Courses on WEALTH, Income, & Fundamentals: Coupon code ✈️✈️JET✈️✈️ https://metkevin.com/join LIFETIME ACCESS & Private Streams.🚀🚀 ALSO, Shadow & fly with Kevin https://metkevin.com/jetday
⚠️⚠️⚠️ #fed #federalreserve #jeromepowell ⚠️⚠️⚠️
📝Contact Information for Kevin & Liability Disclaimer: http://meetkevin.com/disclaimer
This is not a solicitation or financial advice. See the PPM at https://Househack.com for more on HouseHack.
Videos are not financial advice.

Need to talk about the Federal Reserve massively cutting interest rates in the face of inflation plummeting despite the last projections we got from the Fed. And along with that, not only are we going to look at the data along as with some former Fed economists, think we're also going to look at investor positioning. Where is it potentially least crowded in terms of positioning right now? Let's talk about all of that. Hey, everyone meet Kevin here.

Remember, the only sponsor for this channel is Me, so check out the programs on building your wealth linked down below and Shadow me for a day if you'd like by checking out on the shadow Kevin for a day and join him on his private jet as he goes explores real estate. Remember I'm a licensed financial advisor, but this is not a personal financial advice video. it's an economic update on cuts from the Fed. And if you want to learn more and join me in private live streams and ask questions directly, check out the links down below.

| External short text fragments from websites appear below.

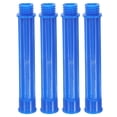 thumbnail image 1 of SHISUYAN Outils de Calfeutrage 4 Pcs Incluant Embout de Calfeutrage Tube d'Extension Pièce de Rechange Buse Accessoires, 1 of 8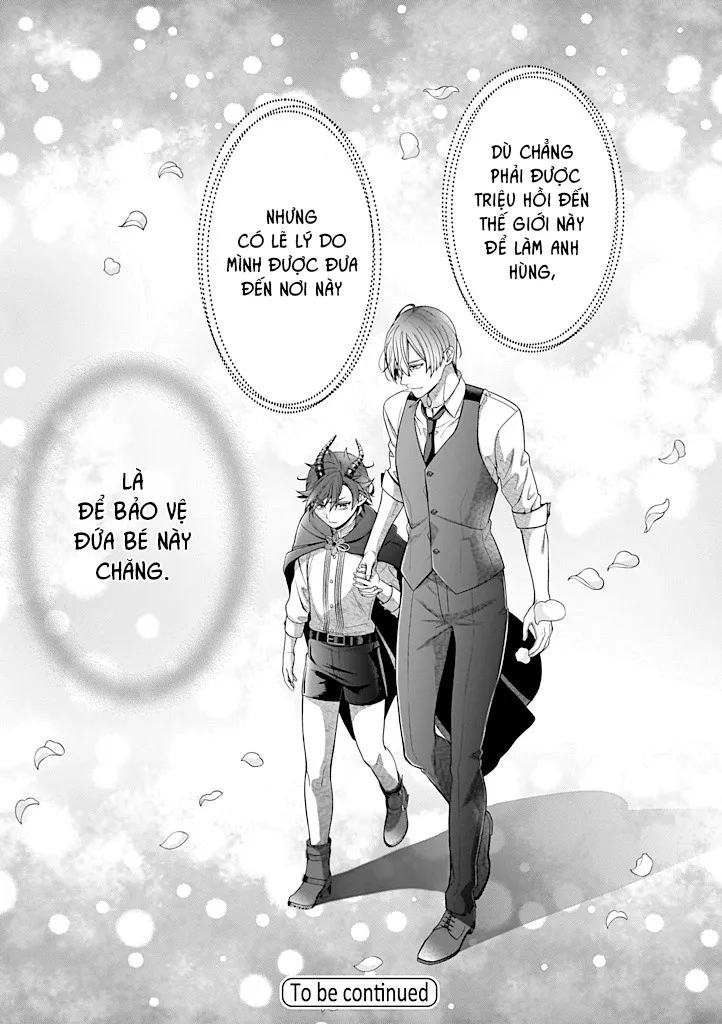 Ở Dị Giới Tôi Nuôi Dưỡng Một Đứa Bé Bán Yêu Nhưng Nó Lại Trở Thành Một YANDERE - Chương 1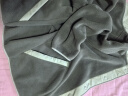 蕉下（beneunder）女士万粒绒外套PO17324抓绒宽松保暖外套 深竹绿 165/88A(L) 实拍图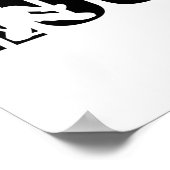 Hockey Poster (Ecke)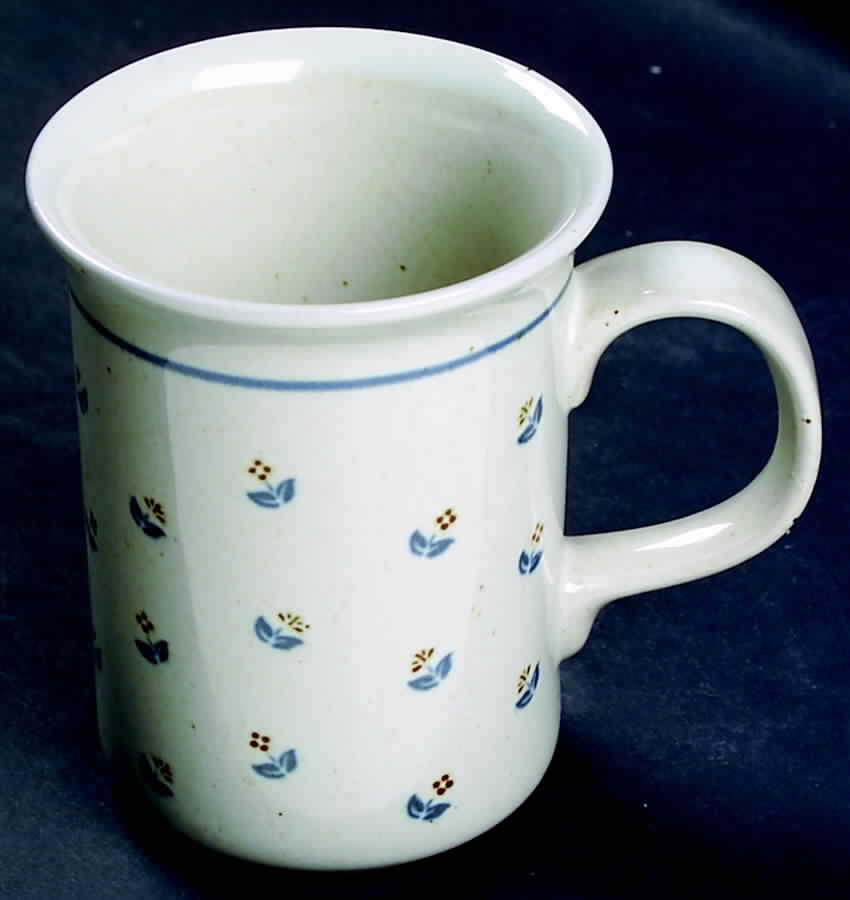Petite Rose Mug by Otagiri-1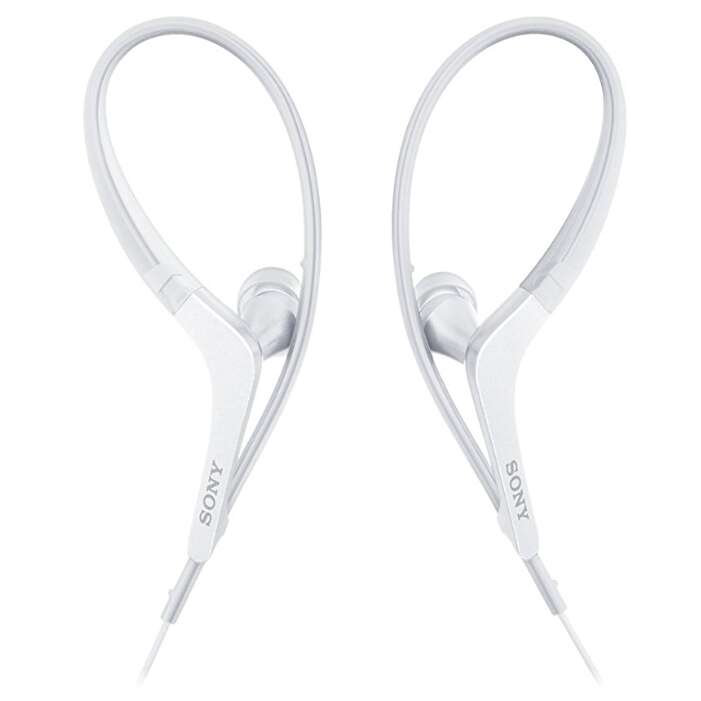 Наушники Sony MDRAS410APW.E белые купить,NaN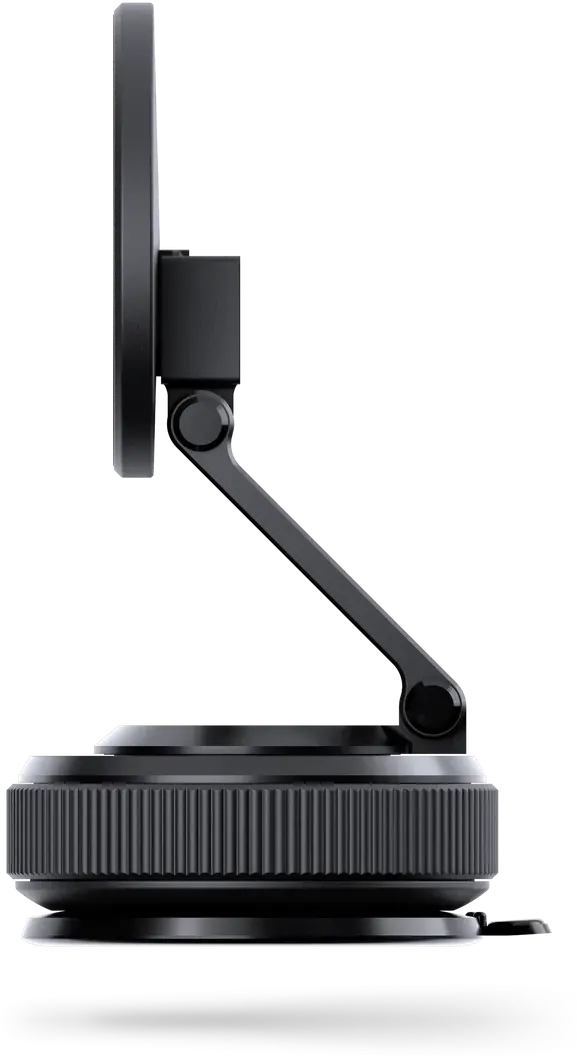 SP Connect Suction Mount Pro - Telefoonhouder Auto Voorruit SPC+ Hoesjes Zwart afbeelding 8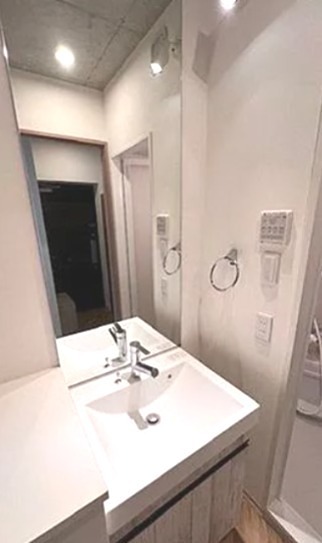 コンポジット亀戸ウエスト 洗面所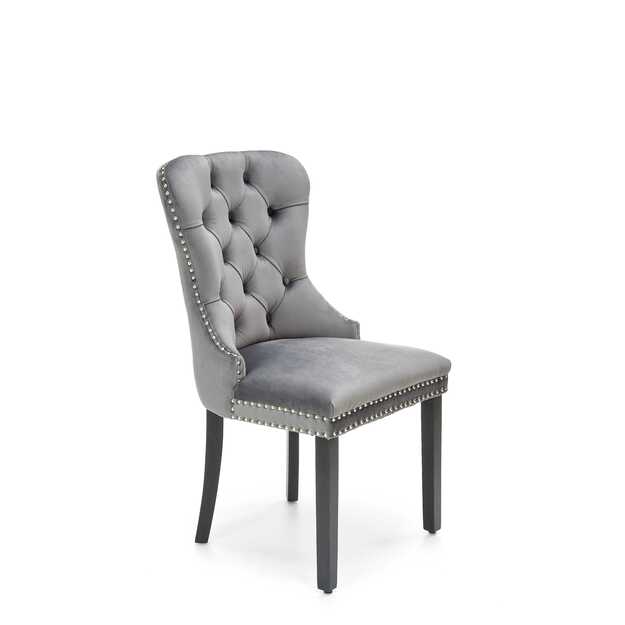 MIYA chair black/grey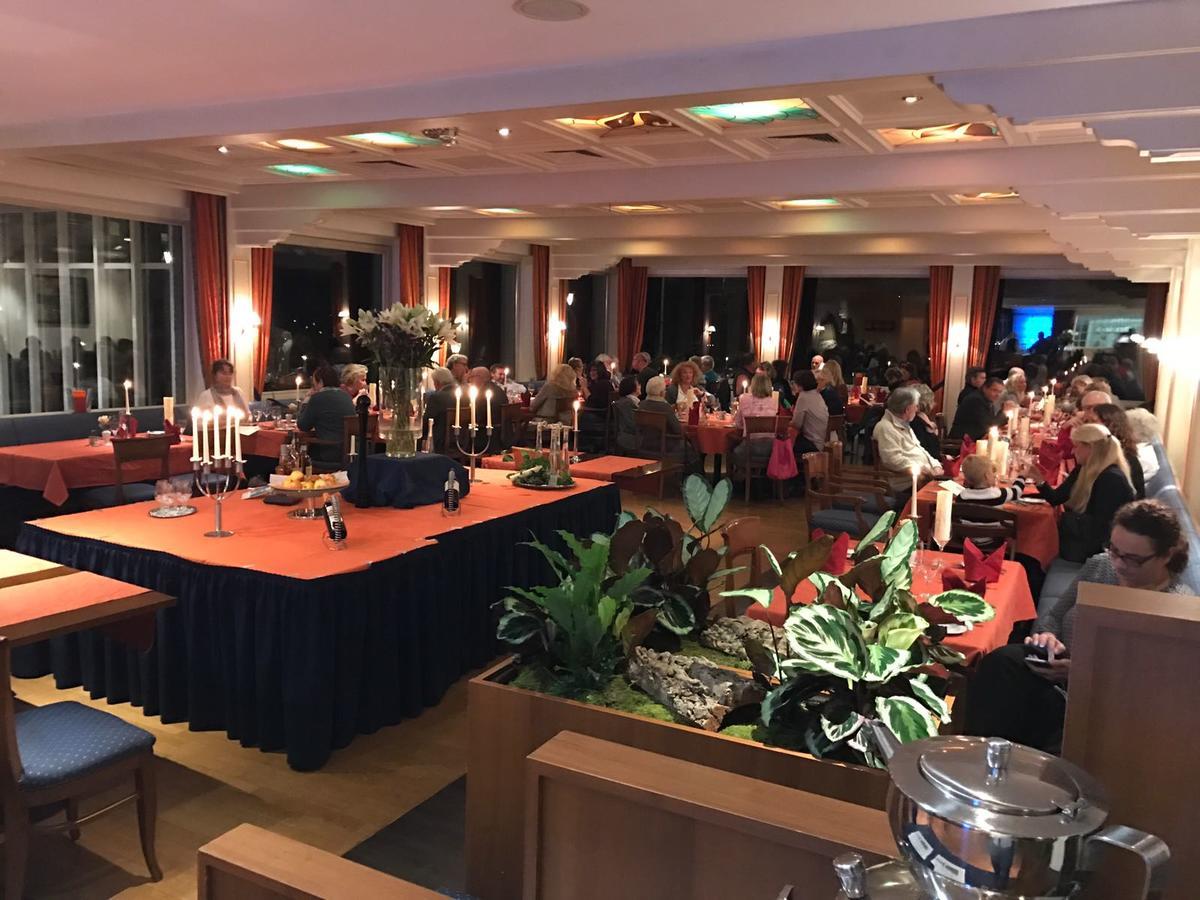 Rheinterrasse Benrath Hotel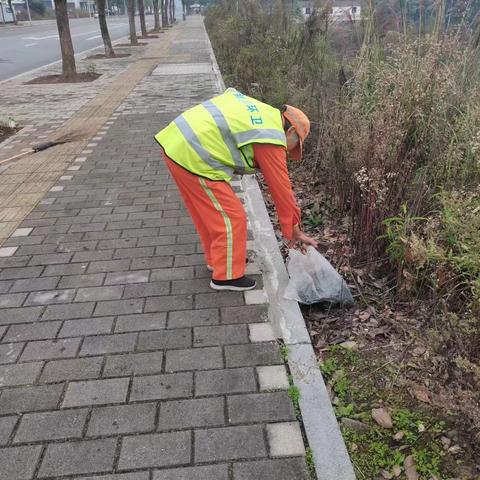 环卫作业精细化   城市卫生再提升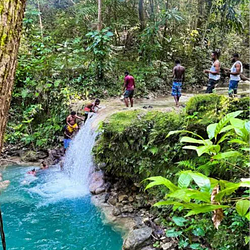 R.S.V.P (River Splash Vibes Parr)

Okay, let's jump into this. So here is a a former Federal Reserve Economist John Roberts We're going to start with what he says about the surprising December summary of economic projections and then we're going to lead into how does this potentially affect rate Cuts Coming from the Federal Reserve Now, it's also worth noting that guess who shared this particular piece on monetary policy? It was none other than Nick T. Now Nick T is actually really important when it comes to where things are coming from because Nick T This guy over here on Twitter is the kind of guy who's been known to be the Federal Reserve's mouthpiece, so if he says something, there's a chance it actually came from the Federal Reserve And what's fascinating about this is that John Roberts starts by saying holy smokes, we had a Fed here that went aggressive. They thought that in 2023, based on the last summary projections, we're going to be knocking on the door of a recession, a low, much lower GDP estimate than anyone was expecting.

We have a higher inflation estimate than anyone who is expecting PC at 3.1 percent, which you're going to see some data in just a moment that suggests this is way high compared to what we actually think we're going to get, and a Fed funds rate capping out at 5.1 percent. also much higher than the September projection and higher than anybody thought. So you had a pretty aggressive Fed report here. John Roberts Thought that this was really surprising that the FED has this heightened pessimism around inflation, which doesn't really make much sense because the incoming data for inflation hasn't really been that bad.

The Uh: in September we saw core prices rise 0.6 percent, which isn't great, but in October November we saw them only rise an average of 0.25 percent. So why is the Fed being so aggressive? Well, many think there are two explanations for this. One explanation is the Fed basically just wants to keep this Stone Cold Hard face on and they're basically saying, hey, look, inflation coming down. That's what we expect.
We're going to keep hiking and basically they're trying to push the markets to over correct to the downside to make sure that inflation doesn't pop up like a golfer at Whack-a-mole or I guess that's like a mole pop in their head. But anyway, you get the idea they don't want it to pop up again, they want to keep it down and they'd rather push harder than they need to to make sure there's no chance of it coming up again. and that over pushing could really push us into a recession. Now there is the potential argument that, well, maybe they're worried about wages, right? That third piece of the inflationary puzzle: that wages are too stubborn that over the three months through November average hourly earnings Rose At 5.8 percent at an annualized rate up from 4.8 percent of the preceding three months, that's a problem.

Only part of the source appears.